An LLM is a prediction machine. It takes a sequence of tokens and predicts the next one. Some of those predictions are near-certain — common patterns, well-represented training data. Others are coin flips — long-tail knowledge, novel combinations, information that postdates the training cutoff. The model works the same way in both cases. The mechanism doesn’t change. The probability distribution does.
The certainty spectrum
Next-token prediction creates a spectrum. On one end: the model predicting that a Python method needs self, or that a for loop in Go uses range. These patterns are so deeply represented in the training data that the prediction is almost deterministic. On the other end: the exact flags for a CLI tool released last month, or the correct import path for a library that reorganized its package structure between versions.
The problem isn’t that models are uncertain. Uncertainty is expected from a compression of human knowledge. The problem is that RLHF trained models to sound equally confident across the entire spectrum. You hear the same authoritative tone whether the model is recalling something it’s seen ten million times or inventing a CLI flag that doesn’t exist.
The model can’t tell you where it is on the spectrum. That’s your job.
When the model sounds confident, that tells you nothing about whether it’s correct. Confidence is a property of the training objective, not a signal of accuracy.
Engineering certainty
If you can’t eliminate uncertainty, you can engineer around it. Three patterns that work.
Red/green TDD. Tests are a binary oracle that converts model uncertainty into verified output. The model writes code it’s 70% sure about. The test gives you pass or fail. You iterate. You converge. The model’s internal confidence doesn’t matter — the test does. This is the simplest and most reliable verification loop: let the model guess, let the test judge.
Templates and constraints. The narrower the prediction space, the higher the baseline certainty. A CLAUDE.md with explicit coding standards, a frontmatter schema with validated fields, a skill file with formatting rules — these aren’t documentation. They’re constraints that shrink the range of plausible predictions. The model stops guessing your conventions and starts following them.

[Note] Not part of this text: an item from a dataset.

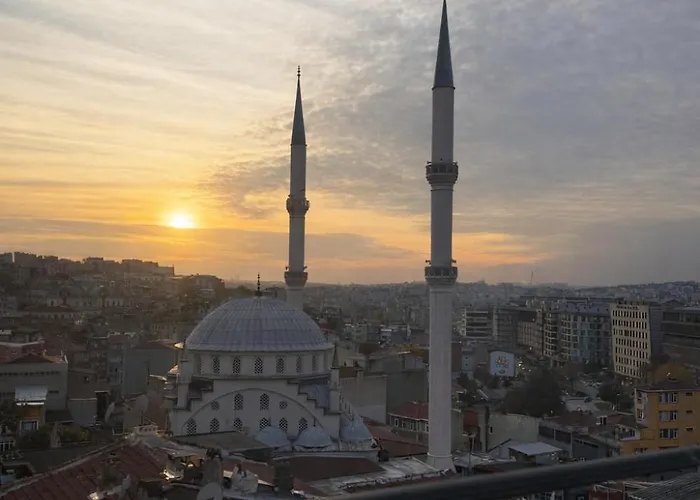 Signature In Taksim Hotel 3*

Grounded retrieval via MCP. Instead of relying on what the model remembers about a library’s API — lossy, potentially stale — you bring current documentation into the context window at inference time. With something like Context7, the model fetches up-to-date reference material and uses that as context, not its compressed training data. You move knowledge from “maybe remembered” to “definitely present.”
All three patterns do the same thing: push the certainty floor higher. Context engineering IS certainty engineering. The better the context, the better the predictions.
The agent architecture analogy — LLM as CPU, context as RAM, tools as syscalls — and how it maps to building real systems.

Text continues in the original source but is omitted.